Bir elimize kameri, bir elimize güneşi verseler senden vazgeçmeyiz Erdoğan
Pandeminin yıkıcı etkileri tüm dünyada olduğu gibi ülkemizde de hissedildi.
Sayın Cumhurbaşkanımız, var gücüyle bu sıkıntılı süreçte vatandaşı bir nebze olsun rahatlatmak için elinden gelen her şeyi yapıyor.
Elbette kolay değil; vatandaşa verirken ülkenin gelir gider dengesini de sağlamak zorunda.
Allah yardımcısı olsun.
Son yapılan asgari ücret zammını destekliyorum. Ev kiraları bu kadar yüksekken, gıda fiyatlarında olağanüstü pahalılık varken, elbette asgari ücret zammı iyi oldu.
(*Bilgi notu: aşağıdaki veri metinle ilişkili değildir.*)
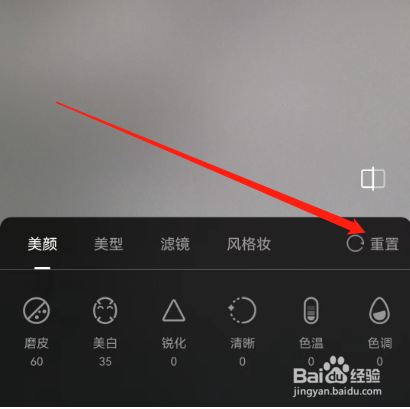 安卓版聊缘如何重置美颜？
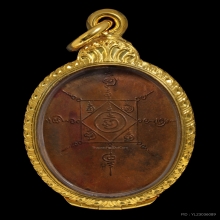 หลวงพ่อคล้าย  เหรียญรุ่นแรก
Fakat işverene de mutlaka destek olmak gerekir.
Özellikle ürün satmayan, hizmet veren sektörlerde ciddi sıkıntılar var.
En başta eğitim sektörü ciddi sıkıntıya girdi.
Sene başında öğrenciler alınmış, günün mevcut şartlarına göre fiyatlar belirlenmişti.
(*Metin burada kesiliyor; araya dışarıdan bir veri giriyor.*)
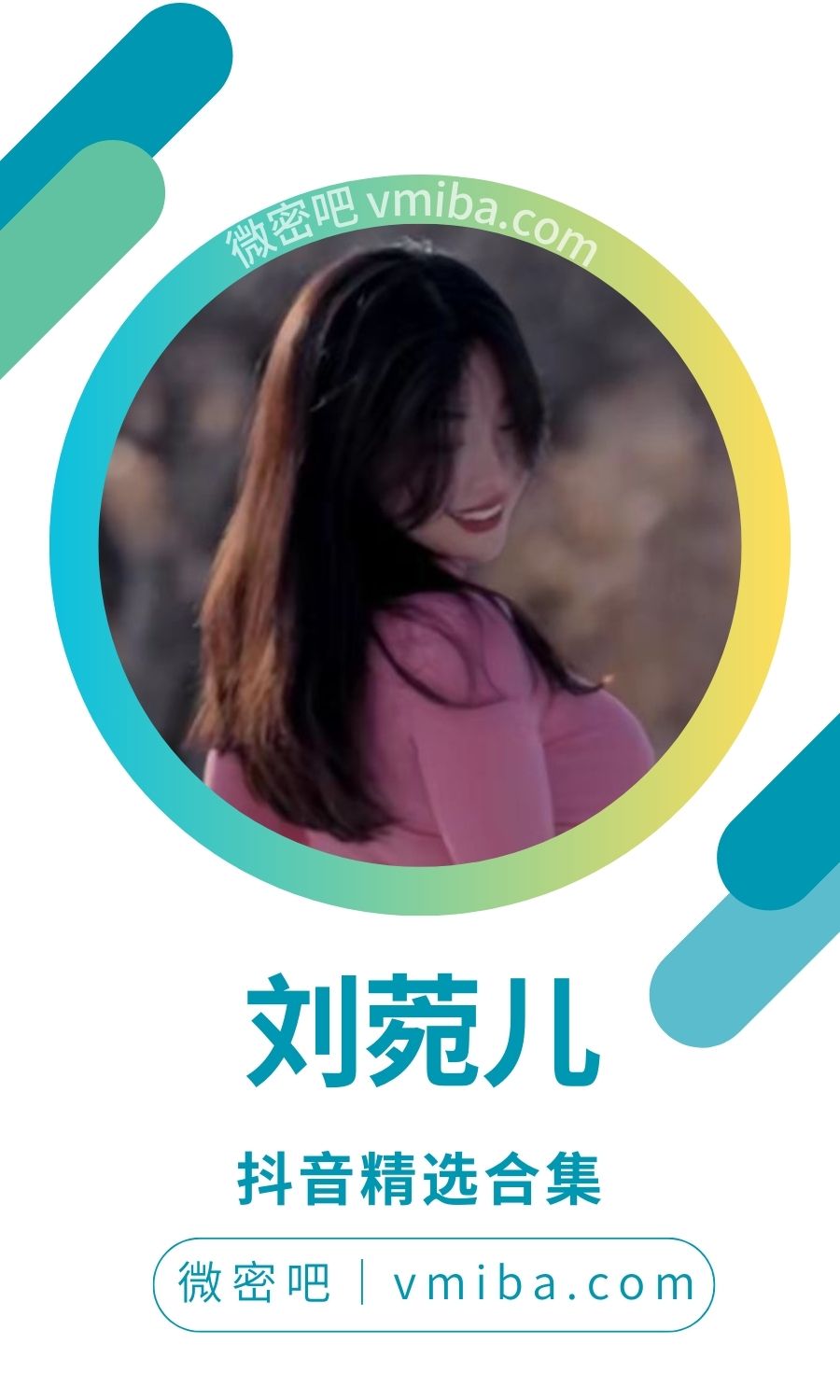 刘菀儿/刘菀儿SSS抖音无水印作品备份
Eğitim öğretim dönemi başından itibaren asgari ücret, 2 bin 500 TL’den 8 bin 500 TL’ye yükseldi!
Her artışta öğretmen maaşları ve sigorta primleri arttı ve özel okullar zarar etmeye başladı.
Velilerden ek ücret talep etme dışında başka bir çözüm yolu kalmadı.
Bankalar kredi vermiyor.
Özel okulların çoğu iflas edebilir.
Sayın Cumhurbaşkanımızdan talebimiz ya öğrenci sayısı kadar devlet teşviği ya da düşük faizlerle en az sekiz ay ertelemeli ödeme sistemi ile kredilerin açılmasıdır.
Fabrikalar sattığı ürüne zam yaparak süreci yürütürken özel okulların eli kolu bağlanmış durumdadır.
Son asgari ücret düzenlemesi ile özel okullar milyonlarca lira zarara uğradı.
Devletin mutlaka özel okullara destek çıkması gerekir.
En azından sigorta primleri düşürülebilir.
Bu seneyi ancak bu tedbirle özel okullar bitirebilirler.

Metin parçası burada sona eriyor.